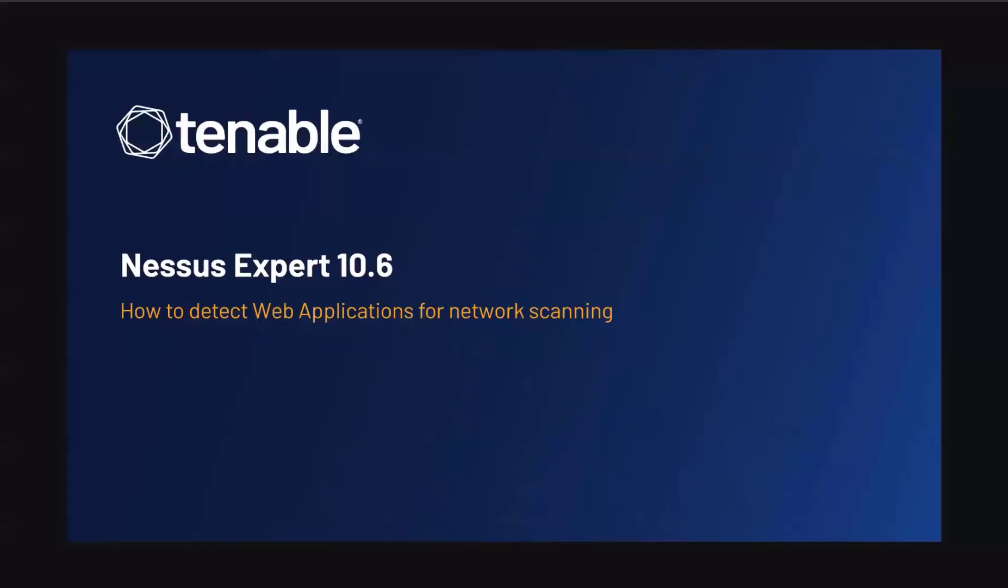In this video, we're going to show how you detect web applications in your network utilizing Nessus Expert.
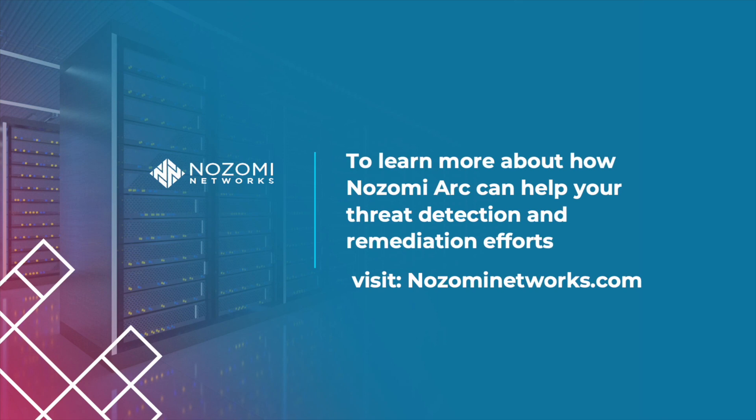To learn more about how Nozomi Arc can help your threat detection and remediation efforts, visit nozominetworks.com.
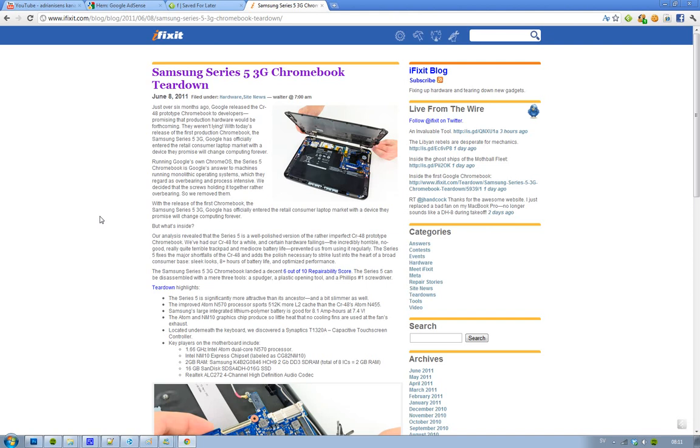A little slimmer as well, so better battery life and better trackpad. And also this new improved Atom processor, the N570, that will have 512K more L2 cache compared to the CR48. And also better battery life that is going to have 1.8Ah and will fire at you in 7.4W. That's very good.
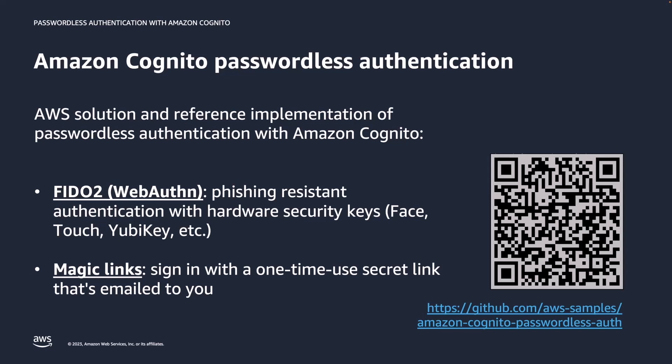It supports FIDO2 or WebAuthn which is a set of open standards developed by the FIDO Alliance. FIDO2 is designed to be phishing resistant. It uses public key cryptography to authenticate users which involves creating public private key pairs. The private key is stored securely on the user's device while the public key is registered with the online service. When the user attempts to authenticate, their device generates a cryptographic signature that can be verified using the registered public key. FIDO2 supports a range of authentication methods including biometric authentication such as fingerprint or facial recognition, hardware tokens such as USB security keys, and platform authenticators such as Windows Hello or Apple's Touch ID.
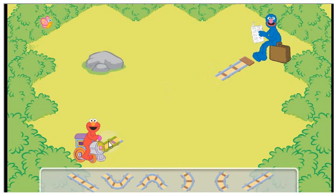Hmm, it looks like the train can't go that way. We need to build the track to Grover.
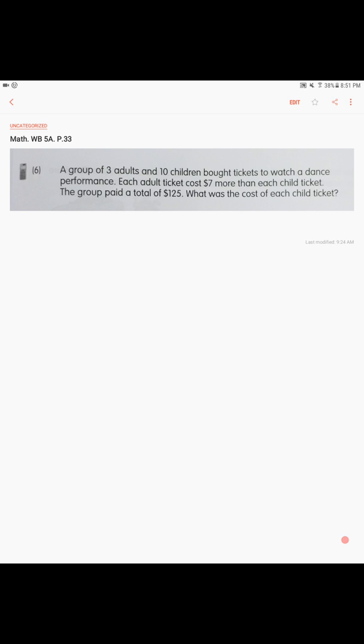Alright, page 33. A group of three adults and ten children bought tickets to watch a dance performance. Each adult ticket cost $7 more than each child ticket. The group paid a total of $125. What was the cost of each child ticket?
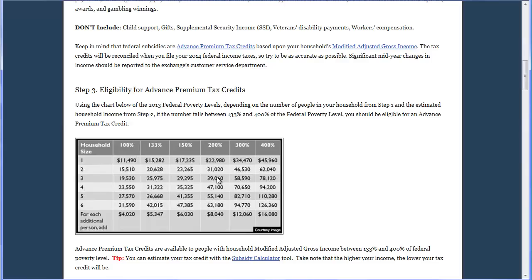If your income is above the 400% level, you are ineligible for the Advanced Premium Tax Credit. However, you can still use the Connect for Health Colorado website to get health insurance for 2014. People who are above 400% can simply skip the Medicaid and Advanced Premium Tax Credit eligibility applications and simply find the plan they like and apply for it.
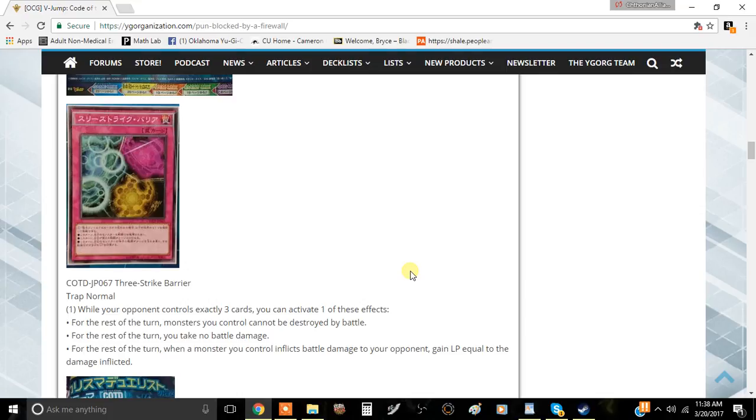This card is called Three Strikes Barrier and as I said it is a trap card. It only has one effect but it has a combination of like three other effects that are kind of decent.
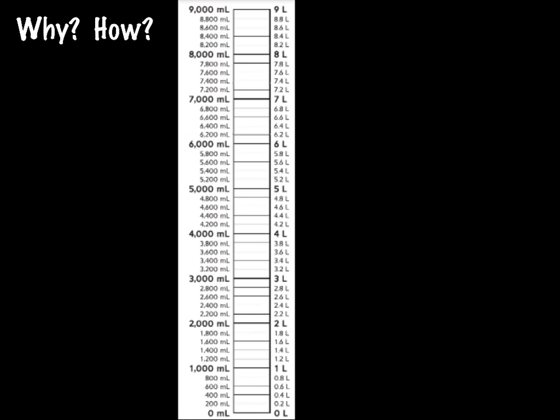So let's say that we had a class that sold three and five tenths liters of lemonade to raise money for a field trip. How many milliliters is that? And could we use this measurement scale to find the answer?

**EXERCISE:**
Please print the lines above exactly, beginning at the first line of the entries and ending at the line holding "Hmm, it looks", and leave the pictures out.

**RESPONSE AREA:**
In this video, we're going to show how you detect web applications in your network utilizing Nessus Expert.
To learn more about how Nozomi Arc can help your threat detection and remediation efforts, visit nozominetworks.com.
A little slimmer as well, so better battery life and better trackpad. And also this new improved Atom processor, the N570, that will have 512K more L2 cache compared to the CR48. And also better battery life that is going to have 1.8Ah and will fire at you in 7.4W. That's very good.
It supports FIDO2 or WebAuthn which is a set of open standards developed by the FIDO Alliance. FIDO2 is designed to be phishing resistant. It uses public key cryptography to authenticate users which involves creating public private key pairs. The private key is stored securely on the user's device while the public key is registered with the online service. When the user attempts to authenticate, their device generates a cryptographic signature that can be verified using the registered public key. FIDO2 supports a range of authentication methods including biometric authentication such as fingerprint or facial recognition, hardware tokens such as USB security keys, and platform authenticators such as Windows Hello or Apple's Touch ID.
Hmm, it looks like the train can't go that way. We need to build the track to Grover.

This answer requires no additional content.